Charlotte, N.C./Feb. 15, 2023 – The U.S. Department of Commerce National Telecommunications and Information Administration (NTIA) recently awarded Johnson C. Smith University $5.7 million for campus technology upgrades and broadband 5G deployment. This is the largest government grant the University has received.
“Applying for and receiving this grant titled The Charlotte Inclusive Tech-Innovation Pilot Program has been a labor of love,” said Dr.
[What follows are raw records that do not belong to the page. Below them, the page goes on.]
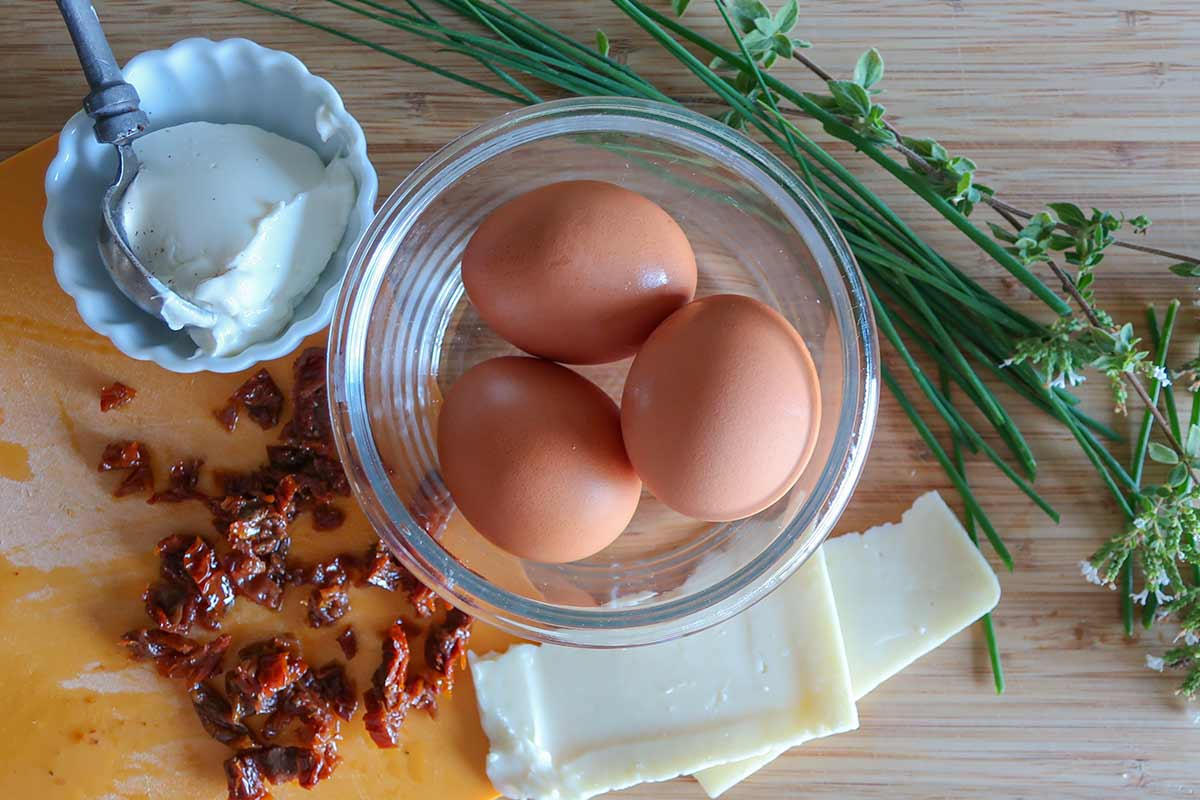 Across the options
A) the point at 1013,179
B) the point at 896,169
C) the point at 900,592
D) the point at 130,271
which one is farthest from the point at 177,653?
the point at 1013,179

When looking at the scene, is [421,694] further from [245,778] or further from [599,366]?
[599,366]

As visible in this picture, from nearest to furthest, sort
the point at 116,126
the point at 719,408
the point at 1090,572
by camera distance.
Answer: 1. the point at 719,408
2. the point at 116,126
3. the point at 1090,572

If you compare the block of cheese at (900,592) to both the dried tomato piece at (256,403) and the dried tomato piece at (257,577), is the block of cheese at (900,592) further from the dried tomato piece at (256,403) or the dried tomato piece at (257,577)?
the dried tomato piece at (256,403)

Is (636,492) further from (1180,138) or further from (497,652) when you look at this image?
(1180,138)

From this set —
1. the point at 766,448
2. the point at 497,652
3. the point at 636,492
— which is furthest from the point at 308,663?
the point at 766,448

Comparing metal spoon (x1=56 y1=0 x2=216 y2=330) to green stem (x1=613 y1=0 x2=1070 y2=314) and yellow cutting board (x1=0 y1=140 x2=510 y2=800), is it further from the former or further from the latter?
green stem (x1=613 y1=0 x2=1070 y2=314)

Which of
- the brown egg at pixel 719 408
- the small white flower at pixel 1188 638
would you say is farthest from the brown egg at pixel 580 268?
the small white flower at pixel 1188 638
Diane Bowles, vice president for Government Sponsored Programs and Research at JCSU. “This project is important because broadband 5G deployment will help build a bridge between JCSU and our community.”
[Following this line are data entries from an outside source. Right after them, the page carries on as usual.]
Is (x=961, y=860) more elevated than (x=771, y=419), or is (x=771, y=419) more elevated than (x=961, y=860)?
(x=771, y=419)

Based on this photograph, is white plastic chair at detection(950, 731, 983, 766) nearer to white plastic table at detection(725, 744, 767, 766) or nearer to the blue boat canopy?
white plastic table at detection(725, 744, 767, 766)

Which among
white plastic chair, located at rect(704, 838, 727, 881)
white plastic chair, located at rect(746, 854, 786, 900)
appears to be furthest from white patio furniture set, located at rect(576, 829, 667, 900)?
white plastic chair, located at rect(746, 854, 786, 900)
“This is an exciting time for Johnson C. Smith University,” added John Norris, JCSU’s chief information officer. “Earning this competitive grant allows the JCSU community to take advantage of 5G internet. As campus and community needs evolve, including the proliferation of mobile devices, it is exciting to create a network with high availability, recoverability, scalability and manageability.”
Norris said the funds will be used to upgrade aged access layer and core layer switches and will allow JCSU to update digital capabilities to improve classroom instruction and meet the needs of students, faculty, staff and community members.
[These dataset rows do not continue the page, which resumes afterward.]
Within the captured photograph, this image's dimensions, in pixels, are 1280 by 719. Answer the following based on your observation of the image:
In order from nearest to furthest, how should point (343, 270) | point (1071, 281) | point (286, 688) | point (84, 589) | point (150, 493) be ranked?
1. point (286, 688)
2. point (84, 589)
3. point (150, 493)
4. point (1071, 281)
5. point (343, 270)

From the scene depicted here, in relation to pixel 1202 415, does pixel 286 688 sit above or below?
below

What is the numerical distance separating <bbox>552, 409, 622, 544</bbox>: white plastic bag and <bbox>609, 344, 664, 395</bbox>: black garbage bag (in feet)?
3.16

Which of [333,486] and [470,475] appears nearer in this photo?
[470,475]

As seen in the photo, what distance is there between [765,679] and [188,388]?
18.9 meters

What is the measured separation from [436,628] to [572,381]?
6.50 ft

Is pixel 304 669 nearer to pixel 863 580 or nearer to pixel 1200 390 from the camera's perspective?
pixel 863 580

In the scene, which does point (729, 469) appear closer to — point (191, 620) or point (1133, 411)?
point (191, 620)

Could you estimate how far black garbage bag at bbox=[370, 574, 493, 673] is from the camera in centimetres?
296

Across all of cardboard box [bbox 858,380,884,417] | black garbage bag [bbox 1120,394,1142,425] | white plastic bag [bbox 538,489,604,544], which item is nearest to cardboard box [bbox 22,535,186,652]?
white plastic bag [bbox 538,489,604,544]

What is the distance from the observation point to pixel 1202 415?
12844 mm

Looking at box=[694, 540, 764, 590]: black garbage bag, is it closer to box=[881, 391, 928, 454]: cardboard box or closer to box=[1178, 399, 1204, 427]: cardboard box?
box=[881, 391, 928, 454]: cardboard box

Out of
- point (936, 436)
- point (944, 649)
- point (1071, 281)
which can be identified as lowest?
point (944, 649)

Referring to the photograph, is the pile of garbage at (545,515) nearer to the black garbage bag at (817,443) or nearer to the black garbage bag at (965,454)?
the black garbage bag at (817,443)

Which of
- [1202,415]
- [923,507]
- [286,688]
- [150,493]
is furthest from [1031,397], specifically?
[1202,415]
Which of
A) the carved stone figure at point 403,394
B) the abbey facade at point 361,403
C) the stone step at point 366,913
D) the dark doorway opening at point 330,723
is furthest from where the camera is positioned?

The upgrade from 3G to 5G internet will allow simultaneous connections to the internet without suffering from congestion, video buffering, random disconnects and other bandwidth-related hiccups. Improvements to the campus’ technology and broadband address Goal 4 of the Gold(en) Blueprint, JCSU’s five-year strategic plan.
JCSU’s GSPAR team, in tandem with JCSU’s IT department, submitted their grant proposal in early December 2021 through NTIA’s Connecting Minority Communities Pilot Program. JCSU, along with 21 other HBCUs, received a total of $69.2 million of the more than $250 million total grant investment.
Initial discussions about digital development and economic growth at HBCUs began at the Carolinas Alliance for Success in Education (CASE) Summit in 2018 that was hosted by JCSU on campus. In 2019 the CASE Summit featured executive leaders from the White House Initiative on HBCUs, NTIA officials, in additional to local, state, and national government leaders along with community partners to launch a Minority Broadband Initiative that would leverage partnerships with HBCUs and Minority Serving Institutions (MSIs) to bridge the digital divide on their campuses and in their surrounding communities.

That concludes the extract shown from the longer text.